With that video and an un-trained ear, the differences are obvious.  Especially at the beginning.  I think some of that is in the editing of the order of the speakers used.  Several sounded very similar and if all of the similar ones were played after each other, you'd never hear much of a difference except when comparing the 1st and last.  A is like B is like C is like D..........but A is nothing like Z.  Like cutting fence boards and instead of measuring each one, you use the one you just cut and they progressively get longer.  What I'm getting at is, I could hear ones that i liked more than others.  The ones I didn't like, I wouldn't necessarily notice in a real world situation w/out an A/B test.
 
That is a good link for anyone who hasn't. About as differentiating are mikes, mike placements and cabinet design/build. Back when I was analog, I'd carry 4-6 different types of mikes to be able to get the FOH sound I desired.
 
jackthehack said:
Now y'all should see why my answer to any question regarding speakers is "Celestion Vintage 30s"....

Ah, but are you referring to the Vintage 30's made in England or China...?
 
ORCRiST said:
jackthehack said:
Now y'all should see why my answer to any question regarding speakers is "Celestion Vintage 30s"....

Ah, but are you referring to the Vintage 30's made in England or China...?
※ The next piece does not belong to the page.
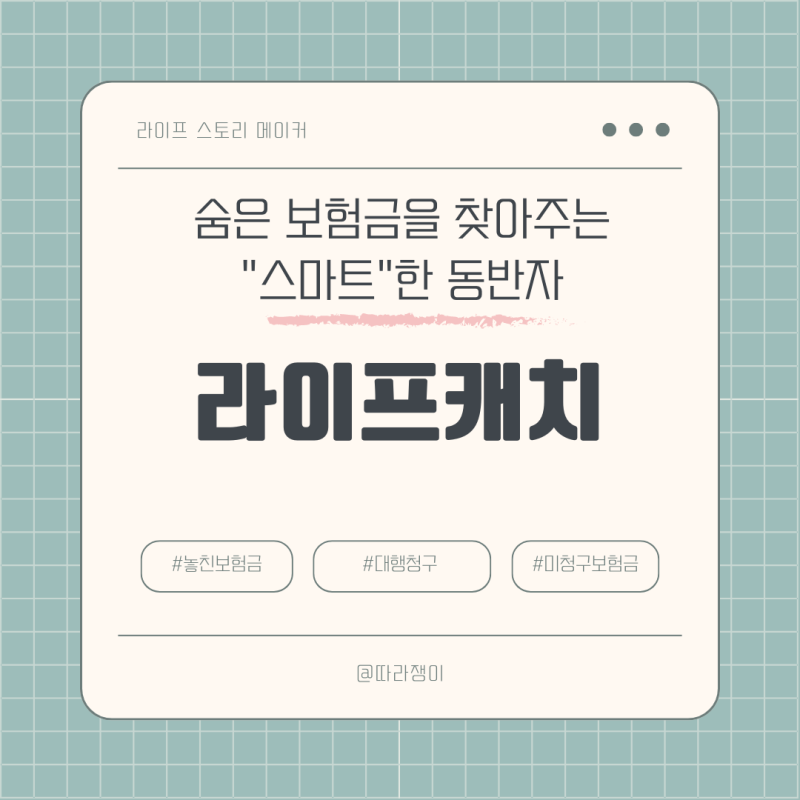당신의 숨은 보험금을 찾아주는 라이프캐치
Or the the English Vintage 30's that are pulled based on Mesa's specified curve response after initial testing of each speaker...?  :toothy11:
 
My brother pointed out something I hadn't considered after being so excited to see somebody doing a credible test of a piece of gear. That is, the efficiency isn't shown very well because it's a YouTube recording, so there's little or no change in dynamic range or loudness from one sample to the next. In real life, a speaker that has a 95% efficiency rating and one that has a 98% rating is going to show a doubling of loudness. It's most apparent when you listen to something like the EVM-12L and whatever comes before/after it. They sound a lot more similar to each other than they should.